***** Information supplied *****
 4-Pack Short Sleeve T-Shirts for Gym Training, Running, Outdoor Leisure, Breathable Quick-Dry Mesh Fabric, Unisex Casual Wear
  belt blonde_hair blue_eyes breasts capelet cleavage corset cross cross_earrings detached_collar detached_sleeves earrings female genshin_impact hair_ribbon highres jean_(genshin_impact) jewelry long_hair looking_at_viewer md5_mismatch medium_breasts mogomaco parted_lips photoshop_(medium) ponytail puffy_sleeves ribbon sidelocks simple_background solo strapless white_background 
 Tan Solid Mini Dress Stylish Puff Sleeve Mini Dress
*****
***** Information supplied *****
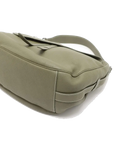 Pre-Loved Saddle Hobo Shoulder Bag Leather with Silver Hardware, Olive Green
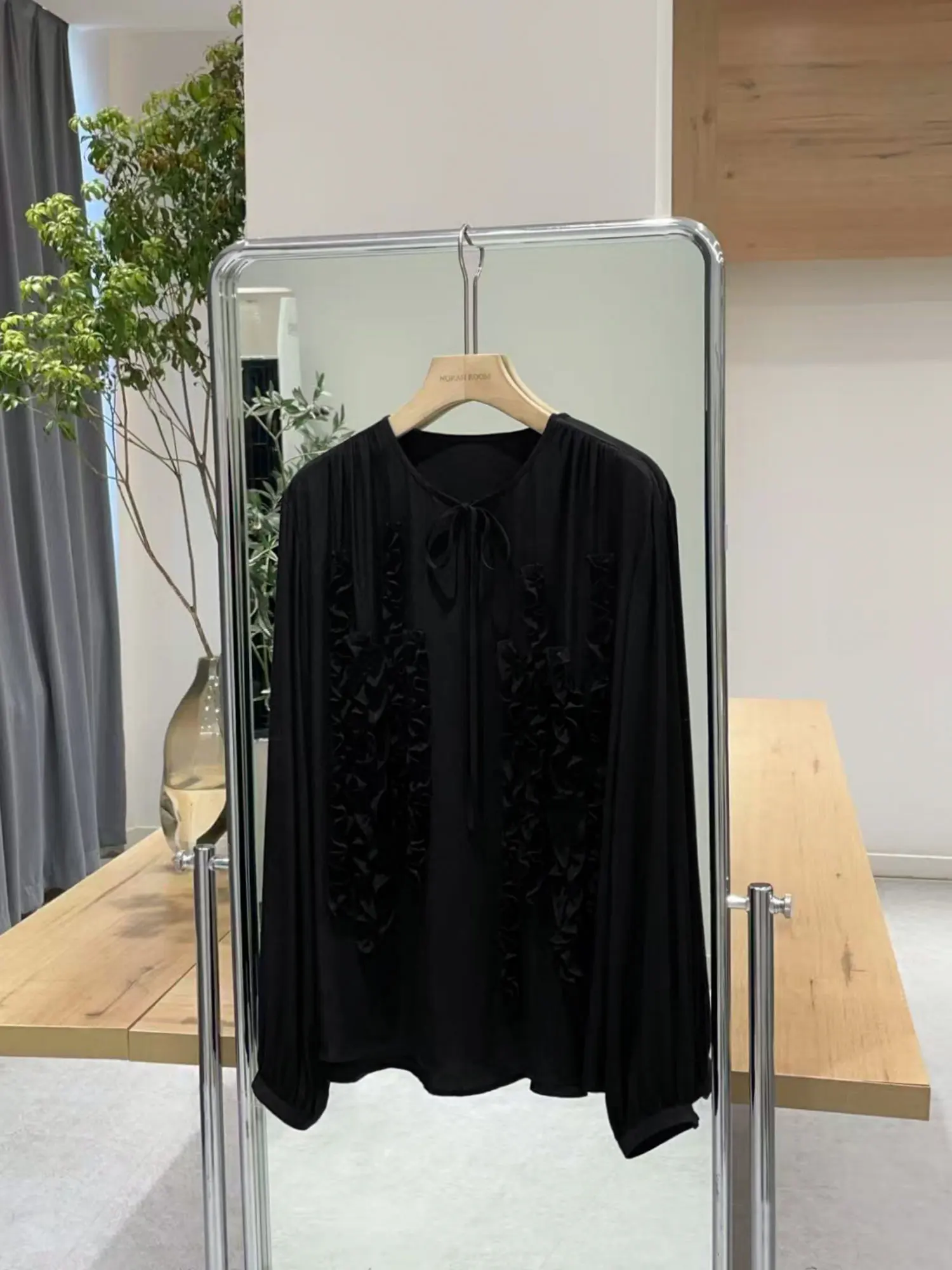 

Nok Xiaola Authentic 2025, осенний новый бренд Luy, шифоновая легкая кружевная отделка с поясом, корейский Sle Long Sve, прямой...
*****
Aim of the task:
The response should be the listing above, limited to the lines between the one holding "4-Pack Short Sleeve" and the one holding "Tan Solid Mini", inclusive, reproduced exactly.

Result below:
 4-Pack Short Sleeve T-Shirts for Gym Training, Running, Outdoor Leisure, Breathable Quick-Dry Mesh Fabric, Unisex Casual Wear
  belt blonde_hair blue_eyes breasts capelet cleavage corset cross cross_earrings detached_collar detached_sleeves earrings female genshin_impact hair_ribbon highres jean_(genshin_impact) jewelry long_hair looking_at_viewer md5_mismatch medium_breasts mogomaco parted_lips photoshop_(medium) ponytail puffy_sleeves ribbon sidelocks simple_background solo strapless white_background 
 Tan Solid Mini Dress Stylish Puff Sleeve Mini Dress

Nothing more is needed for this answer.